2. M. B, ressortissant malien né en 2001, déclare être entré irrégulièrement en France fin 2018. Il a déposé le 5 janvier 2021 une première demande de titre de séjour " vie privée et familiale - liens personnels et familiaux en France ", " étudiant " et " travailleur temporaire ". Par un arrêté du 12 octobre 2021, la préfète de la Vienne a refusé de lui délivrer un titre de séjour, lui a fait obligation de quitter le territoire français dans un délai de trente jours et a fixé le pays de renvoi. M. B relève appel du jugement du 24 mars 2022 par lequel le tribunal administratif de Poitiers a rejeté sa demande tendant à l'annulation de l'arrêté précité.

3. En premier lieu, les nouvelles pièces produites en appel par M. B sur sa situation professionnelle ne sont pas de nature à remettre en cause l'appréciation des premiers juges quant à la légalité du refus de titre de séjour en qualité de travailleur temporaire qu'il avait sollicité qui est fondé, notamment, sur l'absence d'un visa de long séjour, un tel visa étant requis alors même qu'il serait entré en France quelques mois avant sa majorité.

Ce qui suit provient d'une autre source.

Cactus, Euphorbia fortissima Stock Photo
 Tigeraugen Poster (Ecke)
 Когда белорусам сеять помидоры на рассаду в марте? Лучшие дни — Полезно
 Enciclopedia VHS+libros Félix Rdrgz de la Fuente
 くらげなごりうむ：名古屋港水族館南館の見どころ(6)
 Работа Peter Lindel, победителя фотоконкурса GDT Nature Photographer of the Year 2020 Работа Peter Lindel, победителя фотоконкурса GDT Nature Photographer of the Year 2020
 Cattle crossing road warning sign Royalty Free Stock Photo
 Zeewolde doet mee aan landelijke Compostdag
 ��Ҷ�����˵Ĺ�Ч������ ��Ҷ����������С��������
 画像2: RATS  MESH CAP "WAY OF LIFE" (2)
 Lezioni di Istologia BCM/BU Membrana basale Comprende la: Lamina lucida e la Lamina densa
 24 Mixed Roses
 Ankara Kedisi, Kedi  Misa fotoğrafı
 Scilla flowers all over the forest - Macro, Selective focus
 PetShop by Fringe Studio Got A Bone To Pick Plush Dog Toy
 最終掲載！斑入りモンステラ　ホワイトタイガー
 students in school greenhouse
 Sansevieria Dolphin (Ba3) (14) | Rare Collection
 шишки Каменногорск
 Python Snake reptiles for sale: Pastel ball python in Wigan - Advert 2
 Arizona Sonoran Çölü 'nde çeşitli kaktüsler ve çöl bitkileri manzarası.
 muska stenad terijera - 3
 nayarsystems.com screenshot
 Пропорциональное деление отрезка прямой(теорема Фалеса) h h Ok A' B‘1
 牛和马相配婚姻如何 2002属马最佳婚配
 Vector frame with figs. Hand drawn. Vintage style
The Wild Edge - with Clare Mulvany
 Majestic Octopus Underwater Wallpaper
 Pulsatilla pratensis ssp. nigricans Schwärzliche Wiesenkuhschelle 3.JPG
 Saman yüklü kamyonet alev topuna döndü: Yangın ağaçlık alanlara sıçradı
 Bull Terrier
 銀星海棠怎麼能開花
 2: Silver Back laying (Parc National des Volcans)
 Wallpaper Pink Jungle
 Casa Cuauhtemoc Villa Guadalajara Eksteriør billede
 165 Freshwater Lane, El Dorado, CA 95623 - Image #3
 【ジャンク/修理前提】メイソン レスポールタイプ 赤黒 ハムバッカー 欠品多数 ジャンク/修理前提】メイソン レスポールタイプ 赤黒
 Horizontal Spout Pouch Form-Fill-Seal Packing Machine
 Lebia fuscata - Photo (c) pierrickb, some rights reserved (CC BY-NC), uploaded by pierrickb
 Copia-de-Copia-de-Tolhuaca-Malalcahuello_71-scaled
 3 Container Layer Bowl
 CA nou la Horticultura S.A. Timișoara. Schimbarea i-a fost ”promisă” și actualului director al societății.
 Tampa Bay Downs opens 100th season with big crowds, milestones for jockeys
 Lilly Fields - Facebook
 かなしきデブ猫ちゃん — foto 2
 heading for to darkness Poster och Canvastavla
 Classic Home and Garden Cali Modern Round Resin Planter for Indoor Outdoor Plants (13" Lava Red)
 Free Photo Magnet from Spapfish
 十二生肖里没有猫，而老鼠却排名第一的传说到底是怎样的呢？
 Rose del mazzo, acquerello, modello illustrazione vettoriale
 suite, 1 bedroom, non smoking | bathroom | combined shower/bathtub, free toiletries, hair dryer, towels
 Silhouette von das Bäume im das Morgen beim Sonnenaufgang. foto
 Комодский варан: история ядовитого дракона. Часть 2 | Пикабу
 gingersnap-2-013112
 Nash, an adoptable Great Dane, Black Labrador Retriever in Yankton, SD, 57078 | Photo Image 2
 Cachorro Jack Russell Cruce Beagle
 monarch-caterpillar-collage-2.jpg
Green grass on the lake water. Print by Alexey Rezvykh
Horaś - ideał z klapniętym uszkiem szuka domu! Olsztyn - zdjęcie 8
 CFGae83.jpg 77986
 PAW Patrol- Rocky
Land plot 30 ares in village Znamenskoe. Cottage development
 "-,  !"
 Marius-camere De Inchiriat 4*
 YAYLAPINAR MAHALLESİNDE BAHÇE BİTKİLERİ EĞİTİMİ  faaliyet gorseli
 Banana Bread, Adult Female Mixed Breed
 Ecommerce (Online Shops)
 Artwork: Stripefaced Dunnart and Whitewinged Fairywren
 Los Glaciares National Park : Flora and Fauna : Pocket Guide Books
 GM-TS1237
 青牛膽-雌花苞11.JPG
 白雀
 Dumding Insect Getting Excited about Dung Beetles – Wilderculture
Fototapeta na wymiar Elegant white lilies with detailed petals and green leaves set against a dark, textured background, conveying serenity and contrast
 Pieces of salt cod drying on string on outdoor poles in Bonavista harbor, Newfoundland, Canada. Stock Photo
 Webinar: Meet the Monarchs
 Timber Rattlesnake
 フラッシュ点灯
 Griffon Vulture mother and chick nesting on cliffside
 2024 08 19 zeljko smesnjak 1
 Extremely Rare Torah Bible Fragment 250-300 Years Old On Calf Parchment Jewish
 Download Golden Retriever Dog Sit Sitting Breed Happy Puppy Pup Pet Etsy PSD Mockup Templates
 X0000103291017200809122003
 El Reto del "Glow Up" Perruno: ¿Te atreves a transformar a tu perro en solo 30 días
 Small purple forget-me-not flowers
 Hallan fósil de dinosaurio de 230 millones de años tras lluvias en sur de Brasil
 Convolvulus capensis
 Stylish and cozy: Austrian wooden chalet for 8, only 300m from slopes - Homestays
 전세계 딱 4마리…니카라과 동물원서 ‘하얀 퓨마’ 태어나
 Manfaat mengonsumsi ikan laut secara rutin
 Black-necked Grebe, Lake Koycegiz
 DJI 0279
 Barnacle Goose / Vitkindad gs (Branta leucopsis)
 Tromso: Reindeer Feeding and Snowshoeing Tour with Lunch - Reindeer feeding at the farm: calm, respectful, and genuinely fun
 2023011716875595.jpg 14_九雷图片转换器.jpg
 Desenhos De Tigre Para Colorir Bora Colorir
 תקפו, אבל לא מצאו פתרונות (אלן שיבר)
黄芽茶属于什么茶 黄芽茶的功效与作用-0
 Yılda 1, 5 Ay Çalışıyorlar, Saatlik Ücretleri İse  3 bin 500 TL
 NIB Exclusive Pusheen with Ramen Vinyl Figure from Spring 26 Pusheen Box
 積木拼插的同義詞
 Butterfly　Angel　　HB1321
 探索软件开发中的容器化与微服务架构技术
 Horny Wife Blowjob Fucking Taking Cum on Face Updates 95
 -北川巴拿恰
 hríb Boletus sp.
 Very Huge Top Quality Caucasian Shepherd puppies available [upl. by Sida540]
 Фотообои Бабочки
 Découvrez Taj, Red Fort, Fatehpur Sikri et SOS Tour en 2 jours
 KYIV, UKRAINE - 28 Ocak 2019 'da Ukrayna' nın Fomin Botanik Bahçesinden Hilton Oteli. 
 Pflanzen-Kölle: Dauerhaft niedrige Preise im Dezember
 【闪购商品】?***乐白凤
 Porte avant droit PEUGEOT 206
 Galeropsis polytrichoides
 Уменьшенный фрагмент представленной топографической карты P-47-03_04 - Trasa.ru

4. En second lieu, M. B reprend, dans des termes similaires à ceux énoncés en première instance et sans critique utile du jugement ni élément de fait ou de droit nouveau ni pièce nouvelle, les moyens visés ci-dessus invoqués devant le tribunal et auxquels les premiers juges ont pertinemment répondu. Par suite, il y a lieu d'écarter ces moyens par adoption des motifs retenus par le tribunal administratif de Poitiers.

5. Il résulte de tout ce qui précède que la requête d'appel est manifestement dépourvue de fondement et doit être rejetée selon la procédure prévue par les dispositions précitées du dernier alinéa de l'article R. 222-1 du code de justice administrative, y compris les conclusions aux fins d'injonction et d'astreinte ainsi que celles tendant à l'application des dispositions combinées des articles 37 de la loi du 10 juillet 1991 et L. 761-1 du code de justice administrative.

ORDONNE :

Article 1er : La requête de M. B est rejetée.

Article 3 : La présente ordonnance sera notifiée à M. A B.

Une copie sera adressée pour information à la préfète de la Vienne.

Fait à Bordeaux, le 5 janvier 2023.

Marianne Hardy

La République mande et ordonne au ministre de l'intérieur et des outre-mer, en ce qui le concerne et à tous commissaires de justice à ce requis en ce qui concerne les voies de droit commun, contre les parties privées, de pourvoir à l'exécution de la présente ordonnance.